Indeed, some initial guidelines, in the form of practical implications can be derived from the acquired data. Firstly, job interviewing is a two-way process, but recruiters are more emotionally in control of the situation. Therefore, they should foster an emphatic connection with the candidate. For a reliable assessment, a successful tuning in the first phases of the interaction before proceeding into technical assessment is advisable. Secondly, the setting condition is relevant. Especially for positions that require social skills, available data suggests the employment of a face-to-face interview, in which the richness of social cues allows for a deeper attunement between recruiter and candidate and, therefore, for a more reliable evaluation.

The study is, however, not exempt from limitations. Firstly, the strength of current results would benefit from replication and investigation with bigger samples.

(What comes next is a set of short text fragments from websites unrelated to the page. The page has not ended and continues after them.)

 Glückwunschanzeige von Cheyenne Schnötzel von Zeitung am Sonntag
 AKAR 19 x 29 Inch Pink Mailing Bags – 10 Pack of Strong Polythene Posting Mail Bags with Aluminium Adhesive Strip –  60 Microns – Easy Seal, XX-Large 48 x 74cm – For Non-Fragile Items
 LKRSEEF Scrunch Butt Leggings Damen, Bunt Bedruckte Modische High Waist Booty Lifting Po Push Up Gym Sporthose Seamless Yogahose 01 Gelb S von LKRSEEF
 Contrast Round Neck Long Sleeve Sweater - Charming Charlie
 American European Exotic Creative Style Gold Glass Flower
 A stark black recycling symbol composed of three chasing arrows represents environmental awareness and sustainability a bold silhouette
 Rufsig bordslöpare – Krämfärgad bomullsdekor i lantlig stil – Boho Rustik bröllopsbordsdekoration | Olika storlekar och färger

Furthermore, interviews were simulated and the use of research tools might have impacted the setting and the individuals’ interaction (i.e., observer bias) in terms of ecological validity. Psychometric data (e.g., personality traits) were not gathered in this work. Further research could use them to confront self-report measures and neurophysiological correlates. In replications studies, other factors could also be employed as covariates to ensure higher internal validity such as the recruiter’s experience, interviewing style, and job position. Furthermore, in the future, other potentially relevant factors modulating the quality and efficacy of mediated vs. presence communication could be considered in addition. For instance, individual and socio-demographic factors play a role in acceptance and user experience with technology-mediated communication and should be explored. Moreover, the use of a deep-learning-based job interview solution was recently proposed [58], based on voice and video data. Personality, aptitude, and neurophysiological data could be further fed into the algorithm.